[DATA RECORDS]

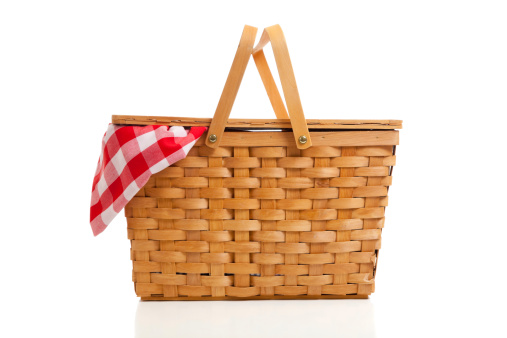 A brown wicker picnic basket on a white background with gingham cloth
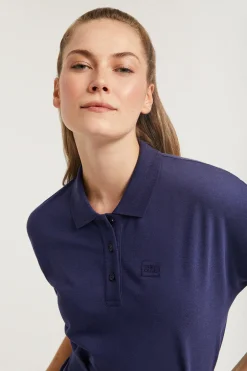 Vestido azul marino con manga dolman y bordado al tono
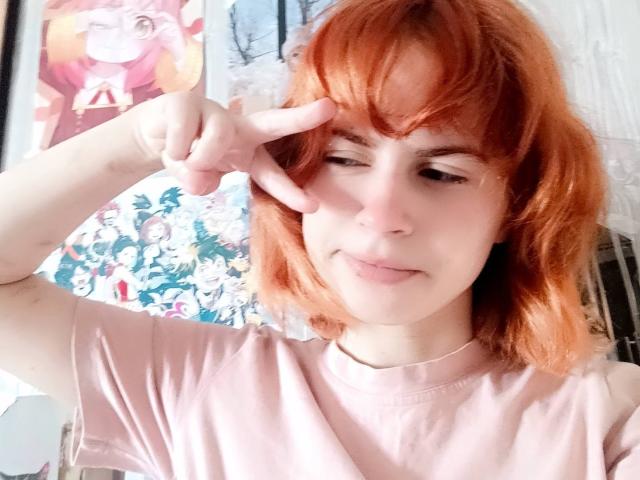 Mireille Spotwood, con i capelli rossi, che fa un gesto di pace, ammiccando, indossa una maglietta rosa, ha un sorriso carino, pelle chiara e un viso leggermente paffuto..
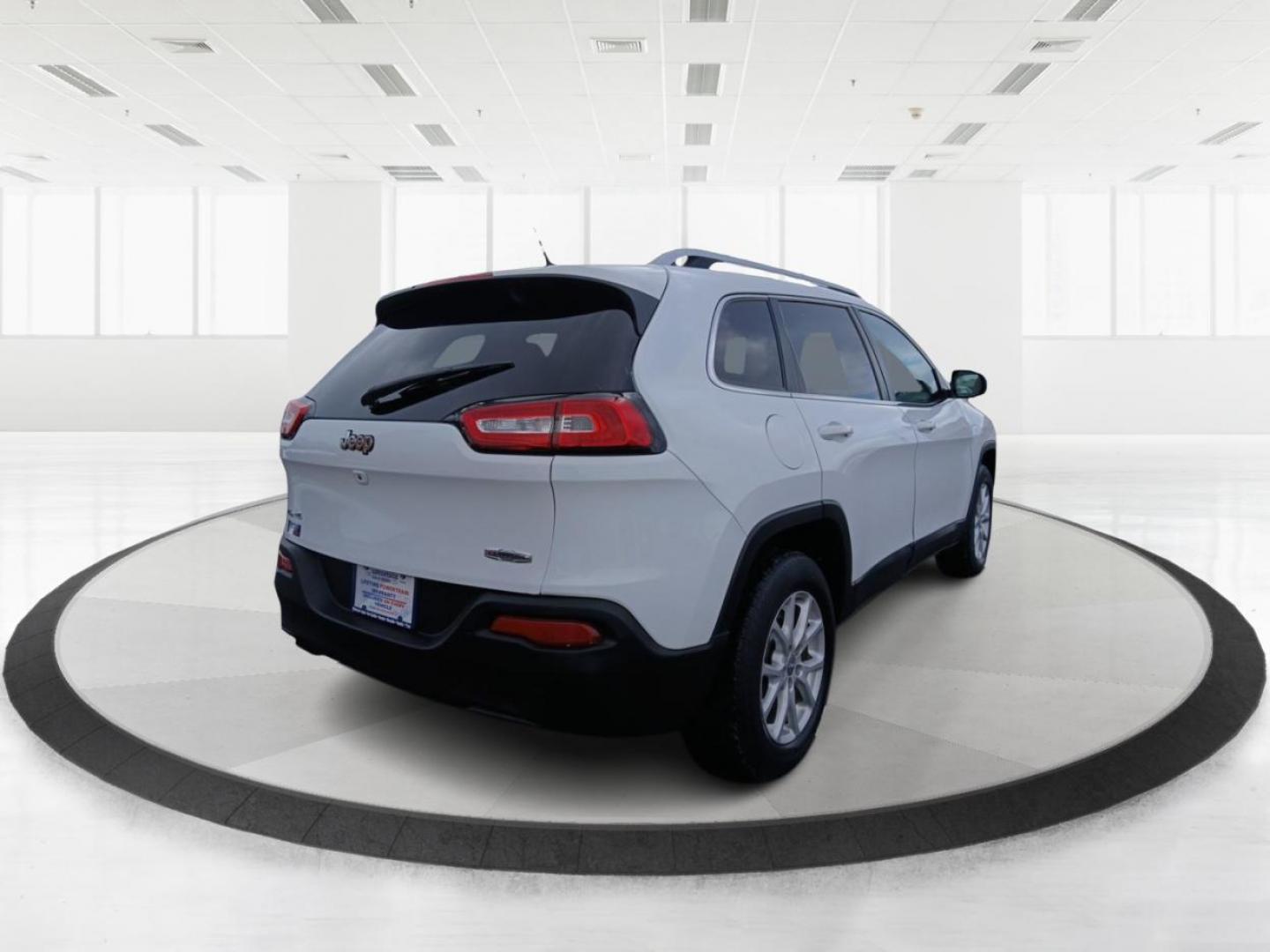 2015 Jeep Cherokee Latitude 4WD (1C4PJMCB6FW) with an 2.4L L4 DOHC 16V engine, 9-Speed Automatic transmission, located at 1099 N County Rd 25A , Troy, OH, 45373, (937) 908-9800, 40.057041, -84.215462 - Photo#2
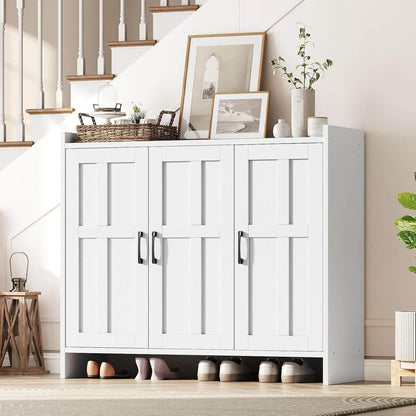 White storage cabinet with shoes underneath, placed in a room with a staircase and decorative items.
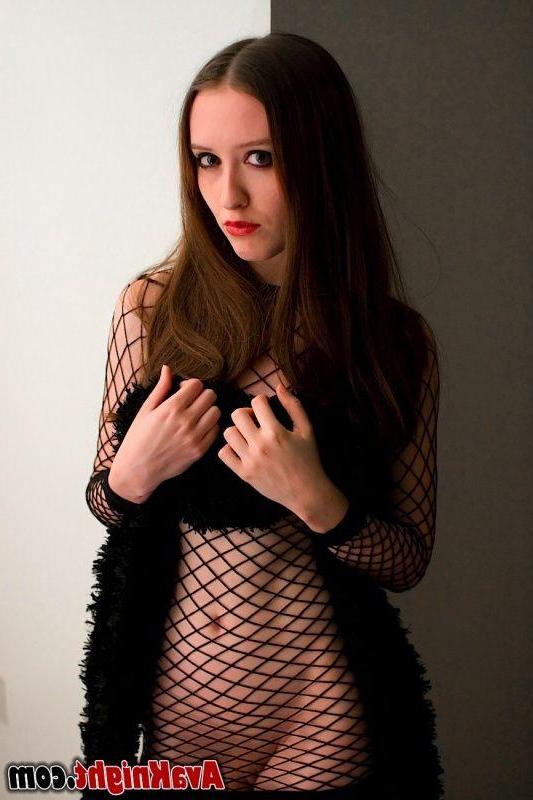 14P Pictures of teen Ava Knight posing in a fishnet dress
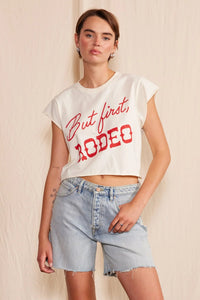 A woman wearing a white shirt with red lettering, and denim shorts.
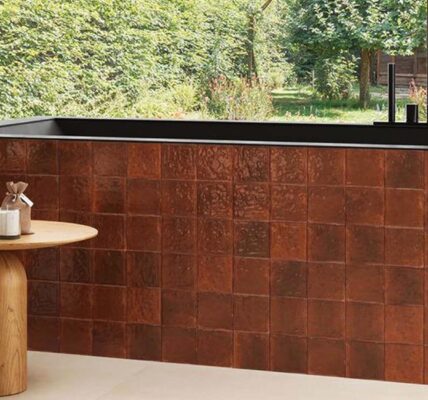 A wide, high-angle shot of a modern, spa-like bathroom featuring a rectangular bathtub clad in glossy, amber-coloured terracotta tiles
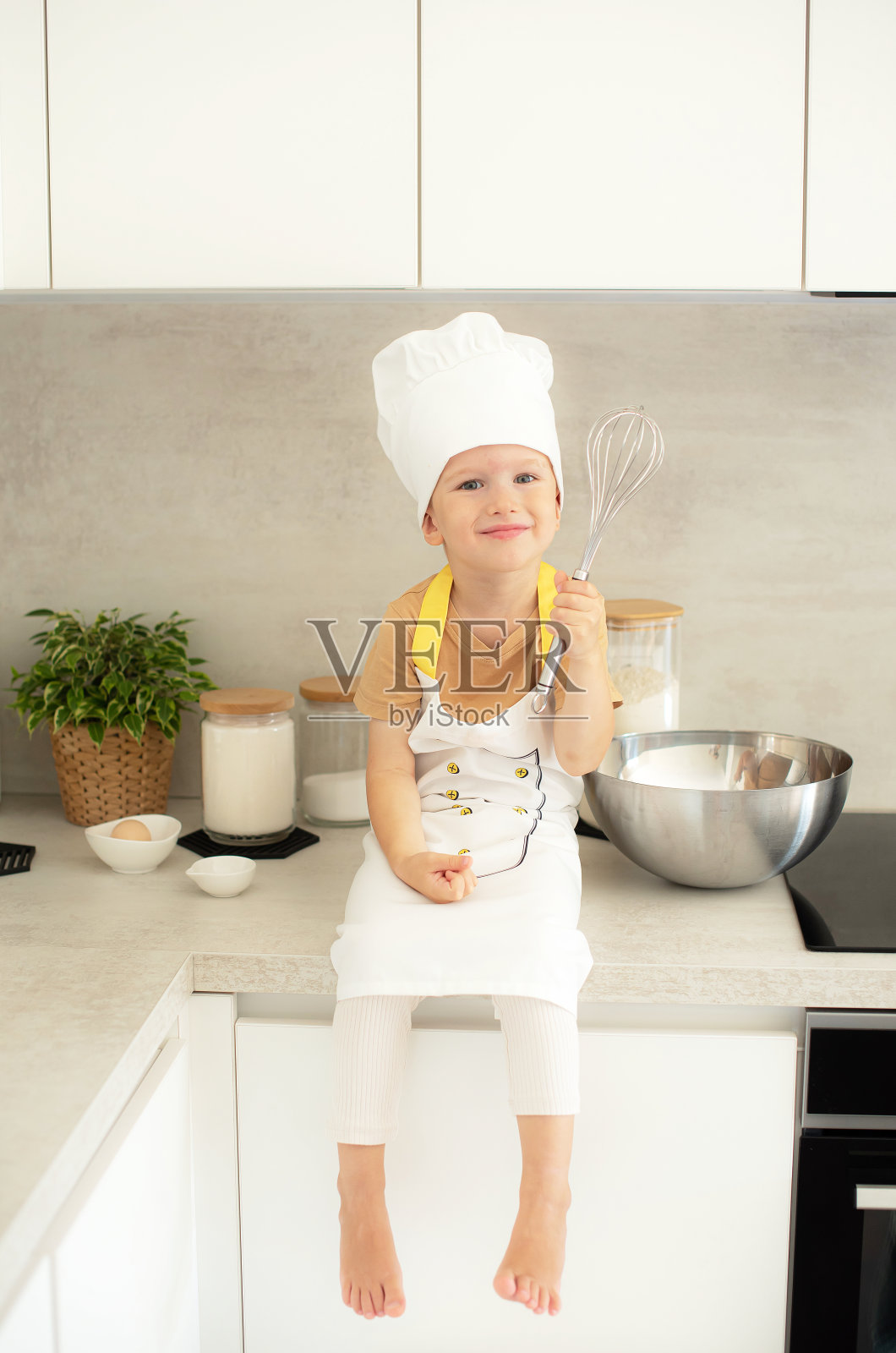 小白种男孩对厨师帽烹饪在厨房家庭早期教育发展围裙配料照片摄影图片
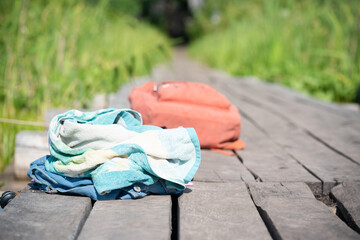 Clothes, towel and backpack on the old pier background.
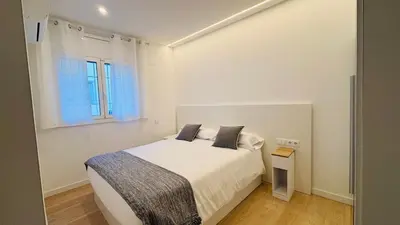 a white bedroom with a bed and a window at Apartamento familiar by prestigi in Terrassa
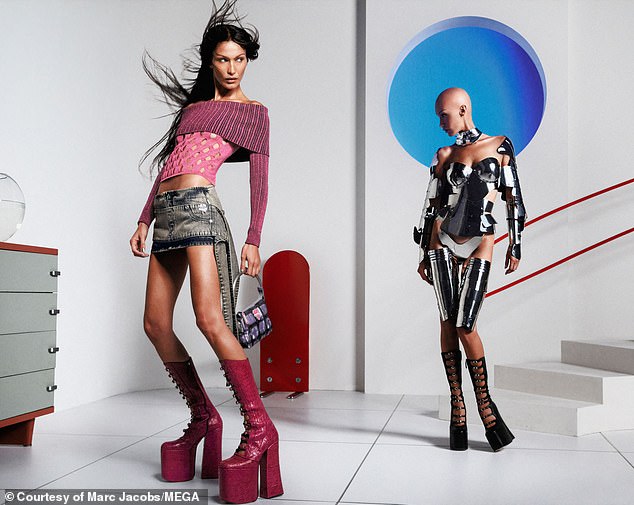Wow!  Bella also posed in the brand's Kiki boots, along with a mini denim skirt and pink top, with her robot counterpart behind her.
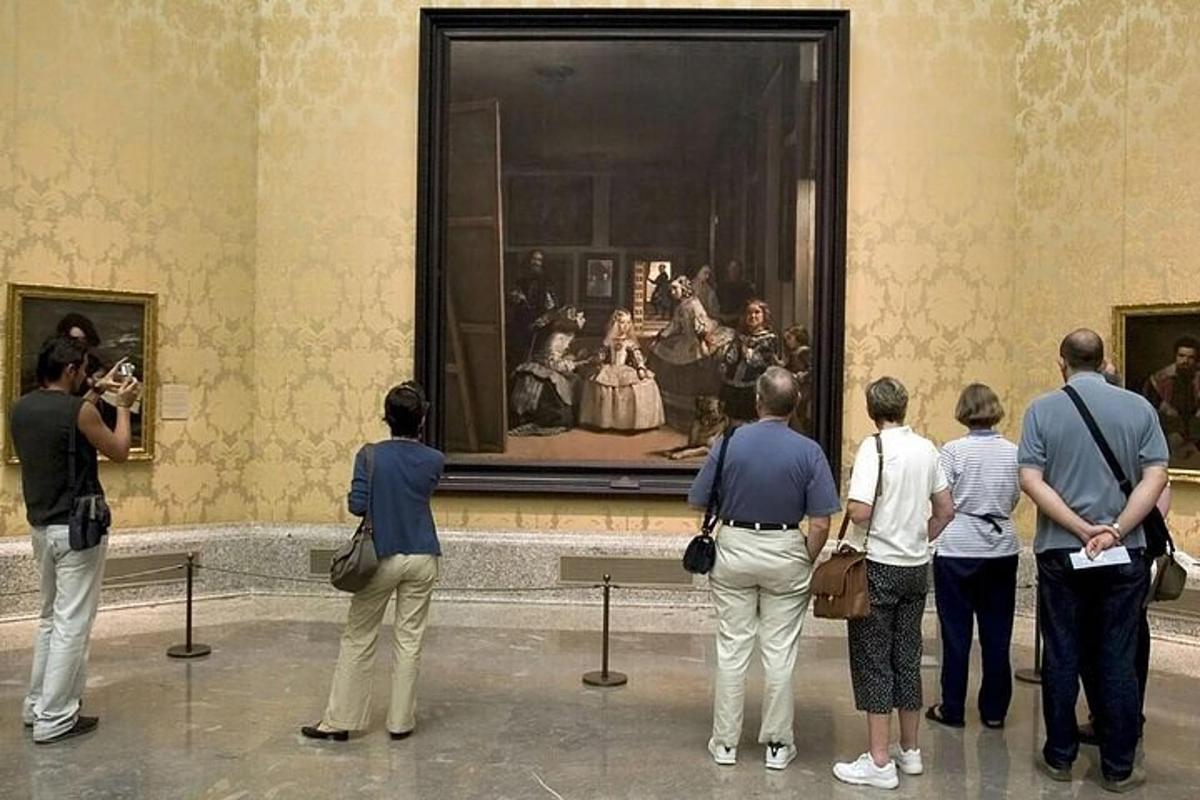 un gruppo di persone che guardano un dipinto in un museo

[/DATA RECORDS]

__ACTIVITY__
The copy must start at the line containing "A wide, high-angle" and end at the last line of the data, matching each line exactly. It must hold no pictures.

__EXERCISE SOLUTION__
 A wide, high-angle shot of a modern, spa-like bathroom featuring a rectangular bathtub clad in glossy, amber-coloured terracotta tiles
 小白种男孩对厨师帽烹饪在厨房家庭早期教育发展围裙配料照片摄影图片
 Clothes, towel and backpack on the old pier background.
 a white bedroom with a bed and a window at Apartamento familiar by prestigi in Terrassa
Wow!  Bella also posed in the brand's Kiki boots, along with a mini denim skirt and pink top, with her robot counterpart behind her.
 un gruppo di persone che guardano un dipinto in un museo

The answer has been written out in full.